Já tivemos esse tipo de discussão em sala aqui na Unesp tbm...

Gostei do modo como defendeu o ponto de vista sem apelar ou deixar a emoção tomar conta.

Texto pé-no-chão. Lúcido.

Abraço!

OFICINA DE CORDEL disse...

Muito bem! O texto é ótimo e você, elegantemente, não ofende ninguém. Sabemos que muitas canções populares tem uma aura poética pela formação intelctual de seus autores, mas a poesia é outra coisa, e evidentemente, pode virar canção popular. Taí Fagner que faz muito bem esta performance.
Jotacê

Anônimo disse...

Gostaria de, educadamente, discordar desse argumento:

"Ademais, são muito diversos os elementos que compõem um e outro estilo; enquanto ao poema pede-se um texto espirálico, circular, metafórico, à letra de música pede-se, hoje mais que nunca, um texto linear, onde a seleção lexical é completamente diferente. A poesia é muito mais flexível em relação às palavras diferentes das de uso comum no nível da fala; a letra raramente exige um léxico que seja fruto de uma escolarização além do primário, e até mesmo os melhores letristas pouco se arriscam em levar o ouvinte ao dicionário, coisa sobre a qual o poeta não tem o menos pudor."
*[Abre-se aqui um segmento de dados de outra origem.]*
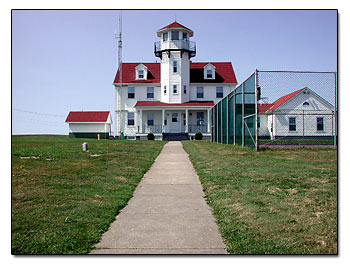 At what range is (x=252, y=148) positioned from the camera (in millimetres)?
14383

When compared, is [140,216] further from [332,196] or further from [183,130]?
[183,130]

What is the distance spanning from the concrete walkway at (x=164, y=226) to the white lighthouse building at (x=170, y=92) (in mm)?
31163

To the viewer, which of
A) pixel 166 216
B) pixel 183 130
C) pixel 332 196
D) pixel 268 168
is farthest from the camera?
pixel 183 130

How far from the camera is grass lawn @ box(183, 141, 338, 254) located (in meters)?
3.53

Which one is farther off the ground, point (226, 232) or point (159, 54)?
point (159, 54)

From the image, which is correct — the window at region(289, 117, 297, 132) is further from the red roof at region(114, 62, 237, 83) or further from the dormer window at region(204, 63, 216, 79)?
the dormer window at region(204, 63, 216, 79)

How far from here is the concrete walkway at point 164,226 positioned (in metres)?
3.49

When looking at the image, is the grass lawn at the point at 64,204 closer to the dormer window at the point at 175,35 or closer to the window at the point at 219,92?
the dormer window at the point at 175,35

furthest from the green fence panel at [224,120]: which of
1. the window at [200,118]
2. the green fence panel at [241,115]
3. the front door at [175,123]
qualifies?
the front door at [175,123]

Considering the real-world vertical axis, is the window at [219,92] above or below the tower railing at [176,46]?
below

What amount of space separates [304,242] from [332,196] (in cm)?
214

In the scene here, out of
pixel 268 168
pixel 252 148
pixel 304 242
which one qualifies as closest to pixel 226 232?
pixel 304 242

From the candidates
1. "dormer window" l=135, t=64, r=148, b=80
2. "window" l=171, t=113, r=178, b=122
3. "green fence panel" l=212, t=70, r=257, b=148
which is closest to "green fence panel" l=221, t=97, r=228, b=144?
A: "green fence panel" l=212, t=70, r=257, b=148

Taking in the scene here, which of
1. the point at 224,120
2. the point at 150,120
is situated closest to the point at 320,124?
the point at 224,120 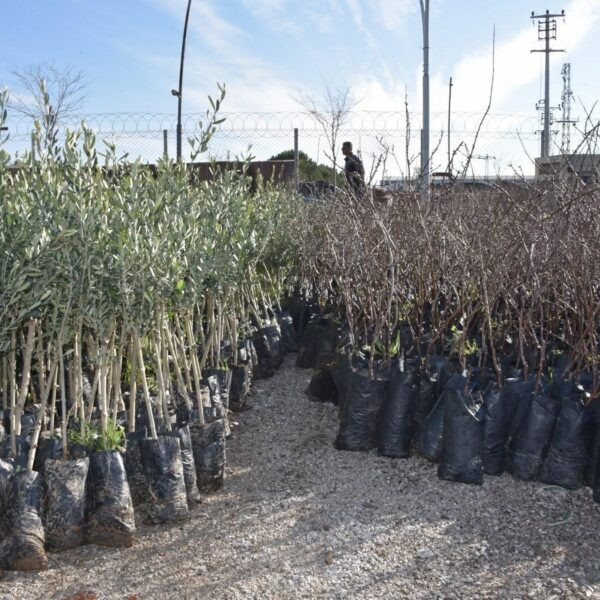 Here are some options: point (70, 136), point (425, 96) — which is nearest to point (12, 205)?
point (70, 136)

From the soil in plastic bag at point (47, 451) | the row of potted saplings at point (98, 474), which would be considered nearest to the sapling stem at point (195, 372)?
the row of potted saplings at point (98, 474)

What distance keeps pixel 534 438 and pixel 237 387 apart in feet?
6.08

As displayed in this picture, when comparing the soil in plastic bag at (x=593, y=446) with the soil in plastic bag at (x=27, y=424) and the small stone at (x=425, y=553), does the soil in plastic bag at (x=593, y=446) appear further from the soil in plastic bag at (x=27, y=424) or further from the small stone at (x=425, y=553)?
the soil in plastic bag at (x=27, y=424)

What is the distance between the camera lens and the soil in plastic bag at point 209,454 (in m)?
3.21

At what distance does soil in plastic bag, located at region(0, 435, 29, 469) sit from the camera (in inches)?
109

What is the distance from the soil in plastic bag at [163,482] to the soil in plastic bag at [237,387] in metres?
1.53

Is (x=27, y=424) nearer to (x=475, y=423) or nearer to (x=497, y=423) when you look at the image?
(x=475, y=423)

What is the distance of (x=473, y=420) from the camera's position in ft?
10.8

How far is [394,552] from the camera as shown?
2.68 m

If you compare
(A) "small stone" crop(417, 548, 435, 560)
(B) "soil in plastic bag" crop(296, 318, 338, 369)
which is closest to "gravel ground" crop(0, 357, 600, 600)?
(A) "small stone" crop(417, 548, 435, 560)

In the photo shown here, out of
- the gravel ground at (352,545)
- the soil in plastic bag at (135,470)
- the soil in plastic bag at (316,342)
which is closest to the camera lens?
the gravel ground at (352,545)

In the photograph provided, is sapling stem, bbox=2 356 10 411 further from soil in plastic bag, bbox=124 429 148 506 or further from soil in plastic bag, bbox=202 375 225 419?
soil in plastic bag, bbox=202 375 225 419

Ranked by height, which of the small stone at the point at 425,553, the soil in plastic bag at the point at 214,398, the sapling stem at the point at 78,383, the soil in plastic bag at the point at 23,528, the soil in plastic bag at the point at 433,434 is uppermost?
the sapling stem at the point at 78,383

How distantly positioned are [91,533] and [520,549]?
1.59m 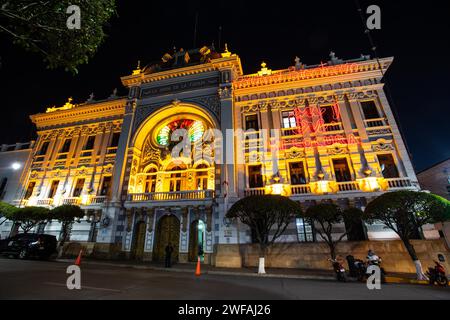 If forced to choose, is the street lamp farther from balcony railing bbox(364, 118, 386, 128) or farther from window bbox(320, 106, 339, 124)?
balcony railing bbox(364, 118, 386, 128)

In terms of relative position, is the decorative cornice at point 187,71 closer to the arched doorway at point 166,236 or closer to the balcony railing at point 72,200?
the balcony railing at point 72,200

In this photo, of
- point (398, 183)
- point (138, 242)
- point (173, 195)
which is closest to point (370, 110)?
point (398, 183)

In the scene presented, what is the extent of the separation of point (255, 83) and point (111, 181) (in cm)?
1700

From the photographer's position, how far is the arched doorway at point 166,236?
60.5ft

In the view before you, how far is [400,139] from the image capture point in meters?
16.9

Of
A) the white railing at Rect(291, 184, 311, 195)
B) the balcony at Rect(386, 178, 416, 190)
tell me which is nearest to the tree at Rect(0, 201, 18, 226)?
the white railing at Rect(291, 184, 311, 195)

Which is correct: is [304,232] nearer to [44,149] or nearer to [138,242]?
[138,242]

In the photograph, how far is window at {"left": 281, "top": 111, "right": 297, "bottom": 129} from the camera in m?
19.7

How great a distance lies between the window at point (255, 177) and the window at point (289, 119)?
15.5ft

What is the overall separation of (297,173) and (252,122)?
642 cm

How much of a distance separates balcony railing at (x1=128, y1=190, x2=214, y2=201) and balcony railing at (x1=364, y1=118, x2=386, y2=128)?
1421 centimetres

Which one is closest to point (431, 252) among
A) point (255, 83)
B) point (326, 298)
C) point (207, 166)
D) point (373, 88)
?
point (326, 298)

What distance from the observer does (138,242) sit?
19203 millimetres

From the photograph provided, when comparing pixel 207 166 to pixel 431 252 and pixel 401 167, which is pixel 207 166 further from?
pixel 431 252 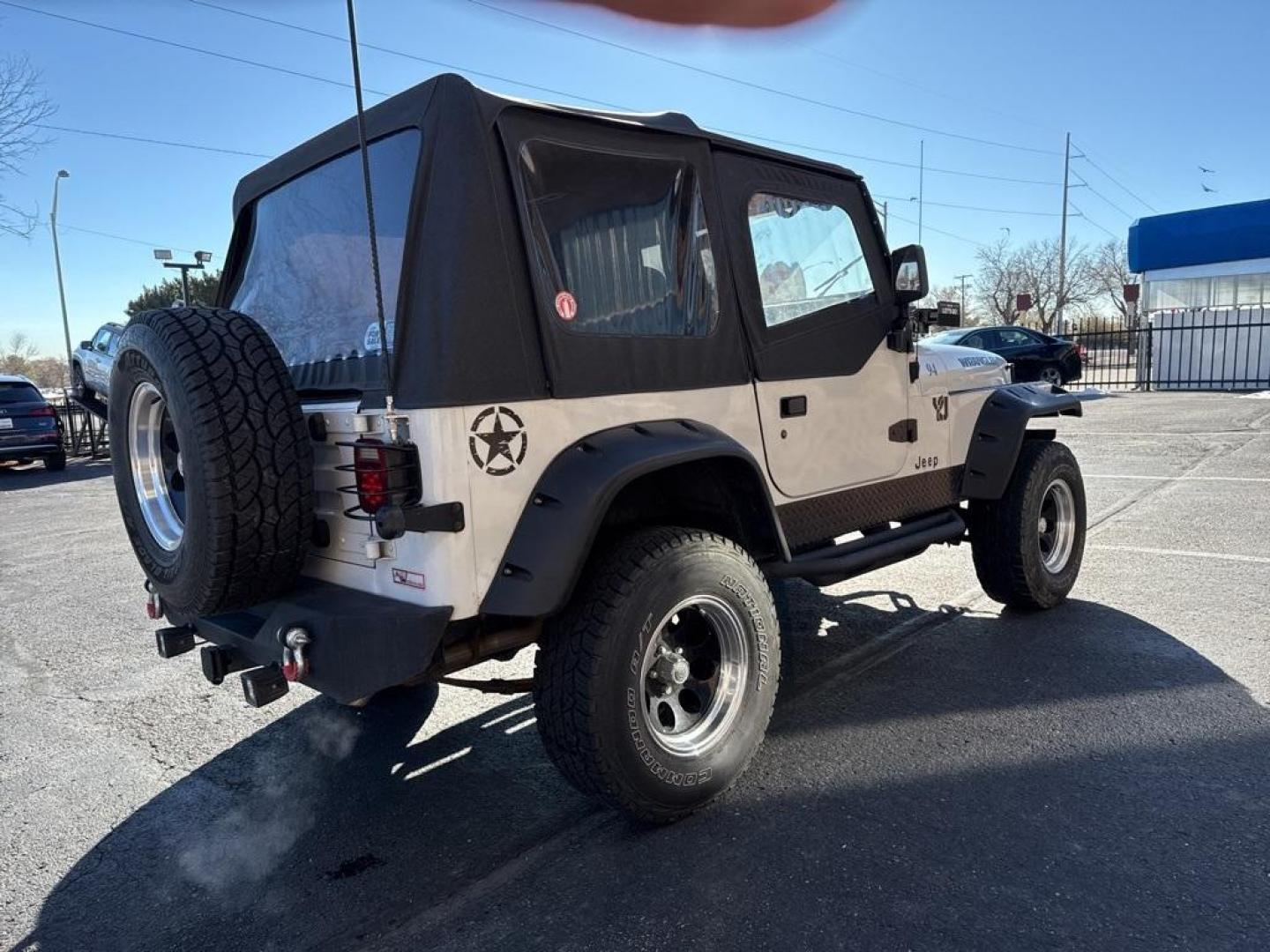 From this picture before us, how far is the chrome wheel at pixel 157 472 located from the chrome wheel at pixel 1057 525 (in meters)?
4.44

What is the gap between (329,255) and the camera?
123 inches

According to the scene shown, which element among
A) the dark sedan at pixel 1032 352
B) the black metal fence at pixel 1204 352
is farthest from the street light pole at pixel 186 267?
the black metal fence at pixel 1204 352

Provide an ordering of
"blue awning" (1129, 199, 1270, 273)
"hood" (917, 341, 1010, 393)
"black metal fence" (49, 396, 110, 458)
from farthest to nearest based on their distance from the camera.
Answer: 1. "blue awning" (1129, 199, 1270, 273)
2. "black metal fence" (49, 396, 110, 458)
3. "hood" (917, 341, 1010, 393)

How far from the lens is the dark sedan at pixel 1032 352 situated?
20.4 m

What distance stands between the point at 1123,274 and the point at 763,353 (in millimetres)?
72935

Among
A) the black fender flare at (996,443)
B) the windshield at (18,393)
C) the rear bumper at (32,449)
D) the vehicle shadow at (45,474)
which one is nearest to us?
the black fender flare at (996,443)

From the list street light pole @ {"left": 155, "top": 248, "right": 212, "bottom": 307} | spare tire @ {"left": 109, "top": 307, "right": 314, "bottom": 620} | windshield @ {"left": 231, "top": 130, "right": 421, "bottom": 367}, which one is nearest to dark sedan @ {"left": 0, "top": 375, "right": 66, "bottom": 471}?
street light pole @ {"left": 155, "top": 248, "right": 212, "bottom": 307}

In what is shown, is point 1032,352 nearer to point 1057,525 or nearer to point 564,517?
point 1057,525

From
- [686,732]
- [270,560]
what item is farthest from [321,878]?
[686,732]

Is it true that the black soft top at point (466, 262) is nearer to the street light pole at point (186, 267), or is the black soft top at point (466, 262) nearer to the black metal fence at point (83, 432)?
the street light pole at point (186, 267)

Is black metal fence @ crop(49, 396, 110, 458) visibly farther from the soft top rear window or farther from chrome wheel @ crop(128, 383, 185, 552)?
chrome wheel @ crop(128, 383, 185, 552)

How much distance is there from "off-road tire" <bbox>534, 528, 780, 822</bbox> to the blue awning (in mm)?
32886

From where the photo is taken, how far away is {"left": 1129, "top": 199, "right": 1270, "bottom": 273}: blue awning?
2783 centimetres

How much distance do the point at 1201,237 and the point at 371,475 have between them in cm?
3424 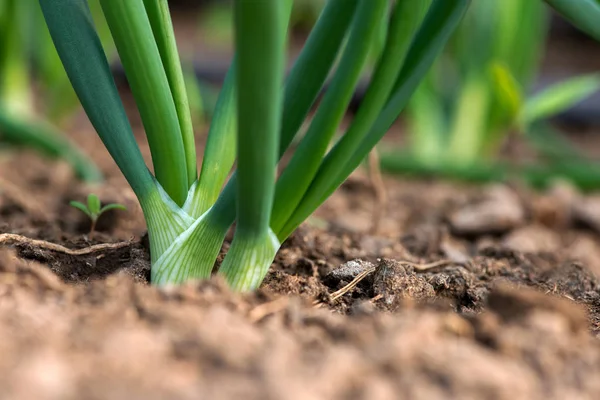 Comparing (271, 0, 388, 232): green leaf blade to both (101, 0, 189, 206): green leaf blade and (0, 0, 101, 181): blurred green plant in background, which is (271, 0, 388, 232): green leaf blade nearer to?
(101, 0, 189, 206): green leaf blade

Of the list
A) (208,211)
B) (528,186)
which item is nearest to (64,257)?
(208,211)

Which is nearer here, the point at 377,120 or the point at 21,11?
the point at 377,120

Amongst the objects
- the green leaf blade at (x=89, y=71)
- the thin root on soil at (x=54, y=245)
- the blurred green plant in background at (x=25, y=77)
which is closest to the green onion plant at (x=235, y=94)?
the green leaf blade at (x=89, y=71)

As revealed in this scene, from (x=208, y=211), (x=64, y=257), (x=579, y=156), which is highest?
(x=579, y=156)

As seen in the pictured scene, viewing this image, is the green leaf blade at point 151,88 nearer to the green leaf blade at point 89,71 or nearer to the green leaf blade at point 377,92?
the green leaf blade at point 89,71

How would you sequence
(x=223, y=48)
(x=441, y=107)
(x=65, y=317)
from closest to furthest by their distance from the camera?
(x=65, y=317), (x=441, y=107), (x=223, y=48)

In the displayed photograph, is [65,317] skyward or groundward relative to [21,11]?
groundward

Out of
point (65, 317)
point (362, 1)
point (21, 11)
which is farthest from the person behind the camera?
point (21, 11)

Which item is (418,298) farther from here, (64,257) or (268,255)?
(64,257)

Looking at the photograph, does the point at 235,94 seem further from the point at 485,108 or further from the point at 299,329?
the point at 485,108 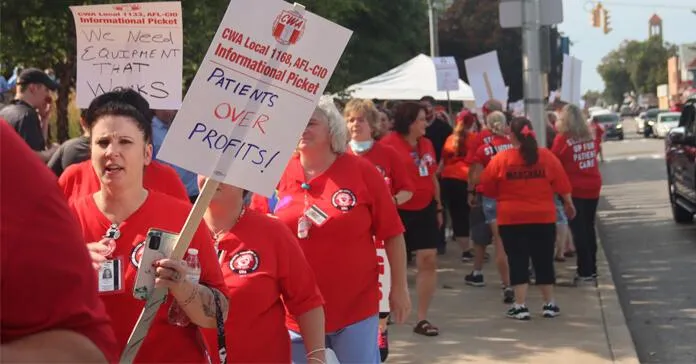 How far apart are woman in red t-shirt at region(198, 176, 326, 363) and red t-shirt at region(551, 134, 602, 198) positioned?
7202 millimetres

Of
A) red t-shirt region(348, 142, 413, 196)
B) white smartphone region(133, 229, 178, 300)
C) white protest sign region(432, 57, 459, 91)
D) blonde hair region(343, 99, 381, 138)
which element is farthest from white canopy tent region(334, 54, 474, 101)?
white smartphone region(133, 229, 178, 300)

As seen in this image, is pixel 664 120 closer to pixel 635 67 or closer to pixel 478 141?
pixel 478 141

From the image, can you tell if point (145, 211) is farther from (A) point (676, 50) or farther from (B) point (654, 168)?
(A) point (676, 50)

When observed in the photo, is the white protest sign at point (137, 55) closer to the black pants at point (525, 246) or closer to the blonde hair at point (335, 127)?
the blonde hair at point (335, 127)

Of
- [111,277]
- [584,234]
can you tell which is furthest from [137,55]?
[584,234]

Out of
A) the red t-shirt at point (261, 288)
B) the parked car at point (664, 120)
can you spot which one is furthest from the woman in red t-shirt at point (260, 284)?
the parked car at point (664, 120)

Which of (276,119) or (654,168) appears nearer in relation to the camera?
(276,119)

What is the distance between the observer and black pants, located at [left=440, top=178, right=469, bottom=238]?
12641 mm

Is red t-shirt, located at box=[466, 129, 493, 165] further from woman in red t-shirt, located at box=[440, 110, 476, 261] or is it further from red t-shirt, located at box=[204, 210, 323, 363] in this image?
red t-shirt, located at box=[204, 210, 323, 363]

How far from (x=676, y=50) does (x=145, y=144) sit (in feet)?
464

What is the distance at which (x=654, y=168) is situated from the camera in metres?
31.6

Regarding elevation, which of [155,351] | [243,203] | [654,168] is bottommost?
[654,168]

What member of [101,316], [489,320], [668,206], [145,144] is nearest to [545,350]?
[489,320]

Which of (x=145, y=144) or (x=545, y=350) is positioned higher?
(x=145, y=144) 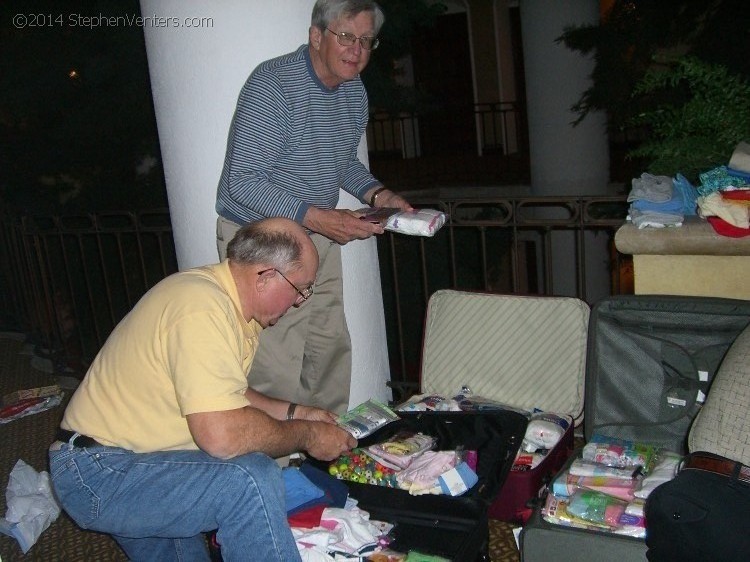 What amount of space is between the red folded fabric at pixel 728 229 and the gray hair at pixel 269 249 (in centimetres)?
147

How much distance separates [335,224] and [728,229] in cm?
133

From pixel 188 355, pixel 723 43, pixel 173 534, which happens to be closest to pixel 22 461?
pixel 173 534

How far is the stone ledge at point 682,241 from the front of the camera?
2.49m

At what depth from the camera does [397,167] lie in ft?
45.3

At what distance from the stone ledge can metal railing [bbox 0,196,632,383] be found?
334 mm

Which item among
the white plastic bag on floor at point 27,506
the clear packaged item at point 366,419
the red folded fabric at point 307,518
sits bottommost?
the white plastic bag on floor at point 27,506


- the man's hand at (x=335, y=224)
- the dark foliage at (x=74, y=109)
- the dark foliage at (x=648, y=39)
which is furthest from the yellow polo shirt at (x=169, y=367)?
the dark foliage at (x=74, y=109)

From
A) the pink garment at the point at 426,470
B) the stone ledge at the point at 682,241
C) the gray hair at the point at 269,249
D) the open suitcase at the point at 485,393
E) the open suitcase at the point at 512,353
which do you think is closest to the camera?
the gray hair at the point at 269,249

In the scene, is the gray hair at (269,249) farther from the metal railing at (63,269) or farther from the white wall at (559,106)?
the white wall at (559,106)

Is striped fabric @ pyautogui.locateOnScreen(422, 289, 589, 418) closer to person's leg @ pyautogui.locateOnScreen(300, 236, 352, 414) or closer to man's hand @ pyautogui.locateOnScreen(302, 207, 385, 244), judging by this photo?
person's leg @ pyautogui.locateOnScreen(300, 236, 352, 414)

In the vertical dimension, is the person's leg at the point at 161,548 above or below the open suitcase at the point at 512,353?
below

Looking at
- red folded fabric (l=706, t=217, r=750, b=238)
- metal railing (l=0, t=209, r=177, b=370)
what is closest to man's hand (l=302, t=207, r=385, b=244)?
red folded fabric (l=706, t=217, r=750, b=238)

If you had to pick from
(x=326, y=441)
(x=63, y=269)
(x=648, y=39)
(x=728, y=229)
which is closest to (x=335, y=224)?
(x=326, y=441)

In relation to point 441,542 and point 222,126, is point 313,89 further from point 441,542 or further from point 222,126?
point 441,542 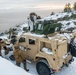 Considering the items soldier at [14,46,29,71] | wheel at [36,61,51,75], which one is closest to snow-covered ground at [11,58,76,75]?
wheel at [36,61,51,75]

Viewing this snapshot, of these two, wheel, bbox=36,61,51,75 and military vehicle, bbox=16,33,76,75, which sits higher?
military vehicle, bbox=16,33,76,75

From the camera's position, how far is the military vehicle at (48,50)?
895 centimetres

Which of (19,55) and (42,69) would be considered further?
(19,55)

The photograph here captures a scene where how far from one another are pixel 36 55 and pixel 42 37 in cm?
92

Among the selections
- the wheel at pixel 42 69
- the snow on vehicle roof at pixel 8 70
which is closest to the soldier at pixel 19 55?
the wheel at pixel 42 69

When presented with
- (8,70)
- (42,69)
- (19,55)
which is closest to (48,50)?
(42,69)

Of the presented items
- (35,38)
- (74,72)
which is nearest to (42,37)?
(35,38)

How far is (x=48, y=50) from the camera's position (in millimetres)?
9250

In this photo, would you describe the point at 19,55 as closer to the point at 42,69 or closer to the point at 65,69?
the point at 42,69

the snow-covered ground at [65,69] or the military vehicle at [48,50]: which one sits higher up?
the military vehicle at [48,50]

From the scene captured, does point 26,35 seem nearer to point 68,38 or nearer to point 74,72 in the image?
point 68,38

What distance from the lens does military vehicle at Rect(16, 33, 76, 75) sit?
352 inches

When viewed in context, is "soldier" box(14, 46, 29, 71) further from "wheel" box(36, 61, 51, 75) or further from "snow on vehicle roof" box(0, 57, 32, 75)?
"snow on vehicle roof" box(0, 57, 32, 75)

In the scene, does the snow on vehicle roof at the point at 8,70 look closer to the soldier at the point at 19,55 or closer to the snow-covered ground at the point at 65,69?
the soldier at the point at 19,55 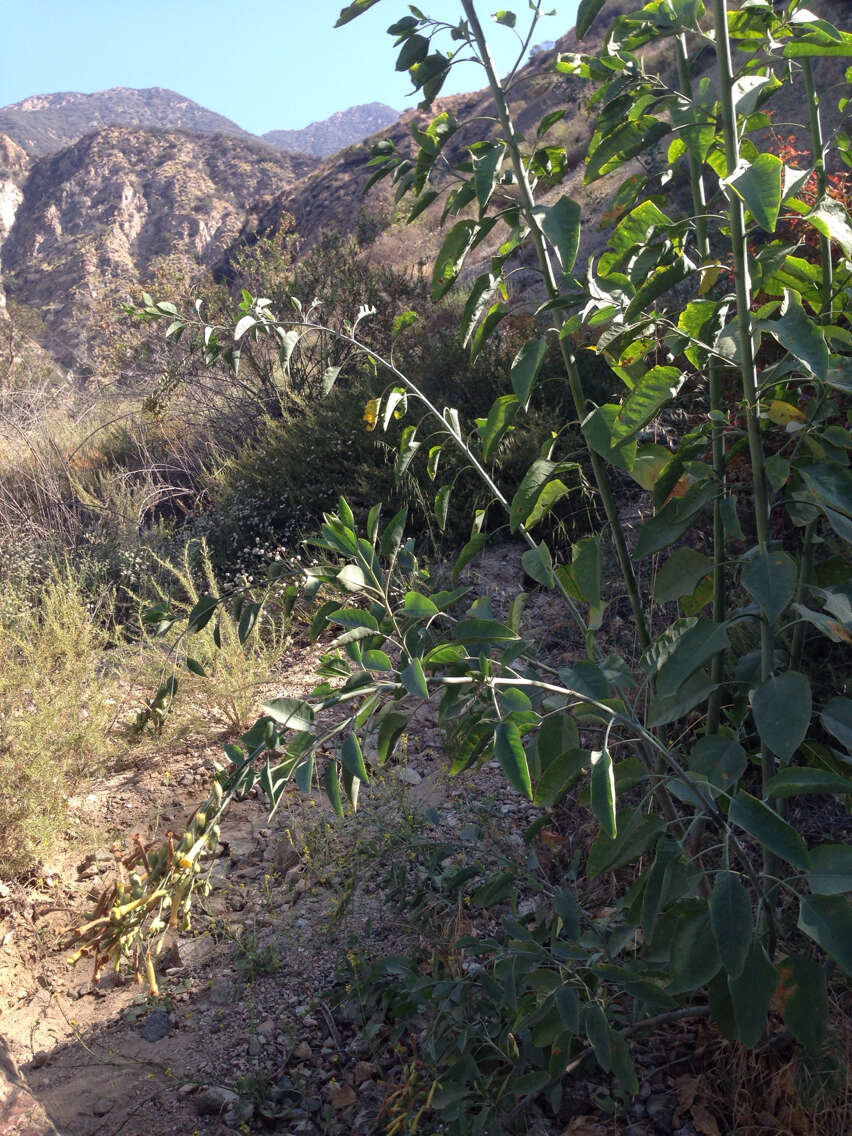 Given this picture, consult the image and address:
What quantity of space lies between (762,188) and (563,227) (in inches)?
11.0

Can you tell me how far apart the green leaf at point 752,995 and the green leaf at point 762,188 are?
2.80ft

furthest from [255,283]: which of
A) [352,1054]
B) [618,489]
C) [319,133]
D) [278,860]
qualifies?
[319,133]

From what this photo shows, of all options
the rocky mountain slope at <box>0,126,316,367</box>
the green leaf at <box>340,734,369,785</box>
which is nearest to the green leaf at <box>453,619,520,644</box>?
the green leaf at <box>340,734,369,785</box>

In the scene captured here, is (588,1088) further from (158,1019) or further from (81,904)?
(81,904)

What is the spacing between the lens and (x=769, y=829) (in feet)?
2.96

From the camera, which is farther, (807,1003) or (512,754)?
(807,1003)

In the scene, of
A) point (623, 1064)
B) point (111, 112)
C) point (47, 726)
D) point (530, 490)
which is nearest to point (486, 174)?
point (530, 490)

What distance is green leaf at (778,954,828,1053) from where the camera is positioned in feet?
3.45

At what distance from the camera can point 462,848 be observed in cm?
190

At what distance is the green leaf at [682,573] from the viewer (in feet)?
4.16

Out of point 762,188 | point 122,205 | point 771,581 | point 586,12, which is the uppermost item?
point 122,205

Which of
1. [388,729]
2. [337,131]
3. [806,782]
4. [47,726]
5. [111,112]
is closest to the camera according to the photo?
[806,782]

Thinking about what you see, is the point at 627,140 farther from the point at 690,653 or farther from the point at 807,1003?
the point at 807,1003

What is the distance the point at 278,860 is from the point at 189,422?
4765mm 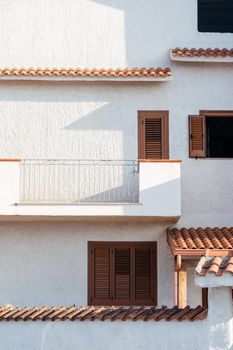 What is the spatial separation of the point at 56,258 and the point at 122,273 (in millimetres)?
1701

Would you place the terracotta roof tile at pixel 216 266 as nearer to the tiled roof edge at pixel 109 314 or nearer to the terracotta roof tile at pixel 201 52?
the tiled roof edge at pixel 109 314

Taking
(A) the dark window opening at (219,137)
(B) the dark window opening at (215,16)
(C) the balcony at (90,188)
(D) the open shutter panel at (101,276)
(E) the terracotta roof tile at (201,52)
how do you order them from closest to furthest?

Isso é um argumento válido para dizer que letra de música não é poesia? Então ficam excluídos "A arca de Noé", inspirada obra de Vinícius de Moraes e todas as poesias infantis, "Quadras ao gosto popular" do Fernando Pessoa e todas as quadras portuguesas e trovas literárias brasileiras, "Romance do Pavão Misterioso" e todas as obras da Literatura de Cordel, que embora se perceba nelas um cunho regional nordestino, não chegam a exigir conhecimento dessa linguagem regional específica, “365 haicais de sol e chuva” de Cloves Marques e toda a obra dos haikaístas, sem falar de várias poesias concretas... E já temos exemplos suficientes pra mostrar que o argumento não vinga, sendo apenas um comentário sobre estilos diferentes de se fazer poesia, pois é muito bom quando um letrista tem verdadeira SENSIBILIDADE POÉTICA.

Gustavo Felicíssimo disse...

o colega anônimo poderia se identificar, assim ficaria mais entusiasmado o debate. cordel é prosa metrificada; poucos alcançam a poesia. haikai tá mais pra subgênero. e olha que sou haikaísta e cordelista. premiado em ambos os casos.

Gustavo Felicíssimo disse...

A questão, meu caro, está ligada a autonomia do poema em relação a letra de música. Serem ambos da mesma natureza não descarta a identidade de um e de outro. O caso dos antigos é mais complexo.